Client Service Is Key
The game ends when you've used up all your decks, and that creates one of the game'south greatest challenges. Equally with traditional solitaire, you may terminate up in a state of affairs where yous just cannot win. In this case, you may run out of ingredient cards and be unable to fulfill a patron's request. When this happens, the game only ends. None of the potions yous fabricated that circular, no matter how rare, volition be recorded.
This sudden death gameplay is incredibly frustrating, but too in line with other games from Tiny Bear on Tales and Arnold Rauers. That said, I adopt lath games where you compete by score or efficiency. In Lost Cities, for example, y'all always complete the game, but you might not have the best score. You don't get that satisfaction in Miracle Merchant.
The only other fashion to lose in Miracle Merchant is by delivering a potion to a patron with a total score of nix or less. This sounds like information technology would be easy to avoid, but the many ways that cards collaborate with each other to generate your terminal score can make the mental math a bit of a chore. I don't think this is actually a problem, in fact, it's the almost challenging part of the game.
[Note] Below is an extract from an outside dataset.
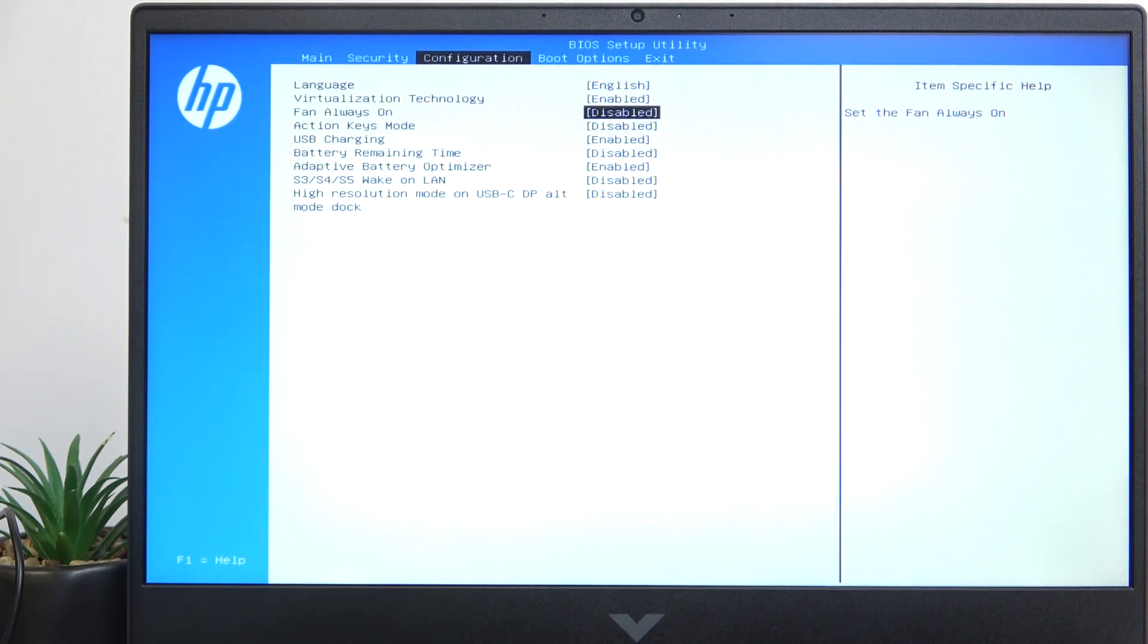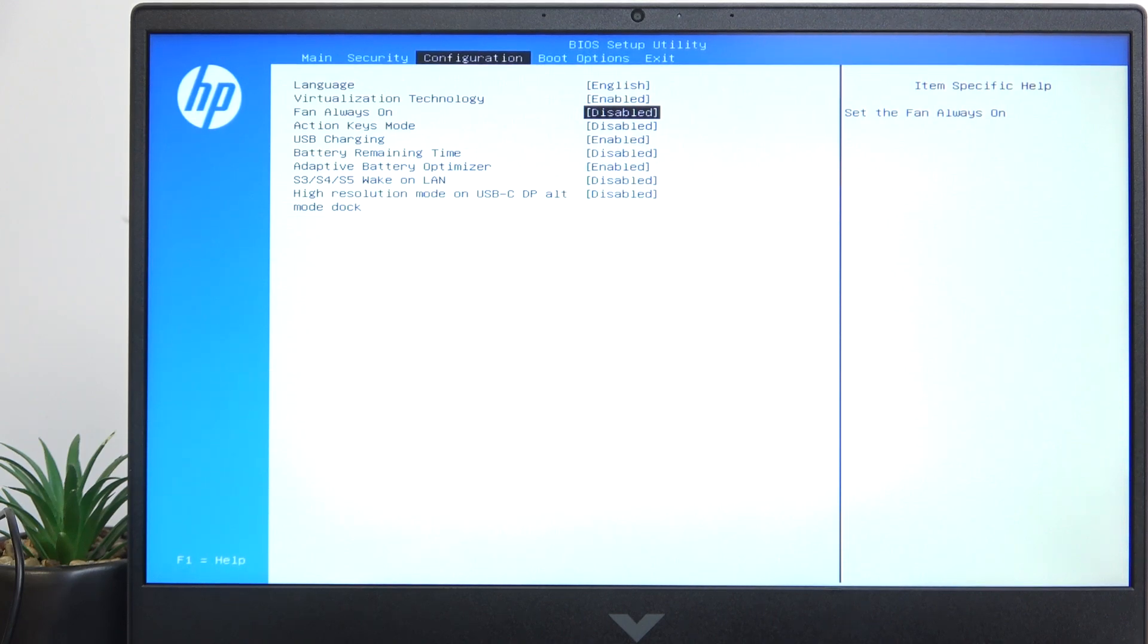But if it's set to Enabled, then the fan will be always on, no matter the temperature, but the speed of the fan will still be variable.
The developers could, withal, include a more in-depth tutorial that goes into greater detail about the scoring system. It took weeks of playing before I noticed that a potion'due south score was calculated equally cards were played and not all at in one case at the end. That matters, because playing two cards next each other can create a bonus, and then another bonus earned by playing a card between the starting time two. Nuances like this can easily be overlooked.
Magical Charm
I knew that Miracle Merchant was going to be trouble the minute I saw information technology. The bright colors and distinctive, charming designs are a breath of fresh air amid games that are disposed toward the dull and samey. The game is very simple—basically colour matching—but offers a depth of strategy. As a player, y'all can ramp up at your own pace, starting out with basic potion making and eventually exist crafting massive magical concoctions. Miracle Merchant volition punish you, to be sure, but no one always said that magical modest business ownership would exist easy.
For its fun, addictive play and charming design, Phenomenon Merchant is an Editors' Choice for mobile games.